Superman/Wonder Woman
They're back and they're bad-ass.
They're angry and ready to have sex about it!
Superman/The Tick
Because this is effing HILARIOUS.
Harley Quin
We put our psychotic kewpie doll killer on every cover for no reasons other than to appeal to sex-starved fanboys...but that's not enough! Nor is just ONE Harley Quin, so we've xeroxed a fleet of them for everyone's possible fantasy.
Grayson
If the sensational character find of 1940 can't make you read spy comics, NO ONE can!
Catwoman
Turns out no one likes Fish Mooney in COMICS either!
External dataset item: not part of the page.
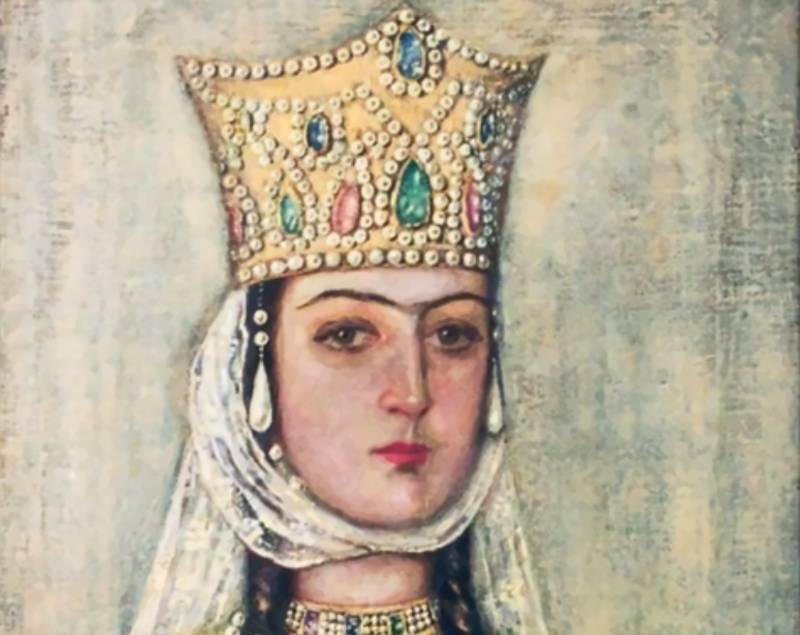 Portrait of Tamar the great of Georgia wearing golden crown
The leathery spandex is in the mail, boys.
Flash
Professor Zoom is back! Because Flash must fight nothing but anti-Flashes, fake-Flashes, evil-Flashes, etc. forever!
Green Arrow
After 70 years at about 20 attempts, we finally learned how to make Green Arrow work... from the CW!
Green Lantern
He's a rebel, Dottie; a loner!
Hoodie Hal with his bad-ass biker's glove of power. Why didn't we ever think of making Hal a bad-ass hooded guy before...?!
Detective
We know you liked BTAS 20 years ago so we're teaming Bullock and Montoya for the first time. Again!
Deathstroke
Because a Deathstroke who can only defeat entire Justice League is so LAME and 2000s, we'll give you one who's coming to kick the ASSES OF THE GODS, OMGXXX!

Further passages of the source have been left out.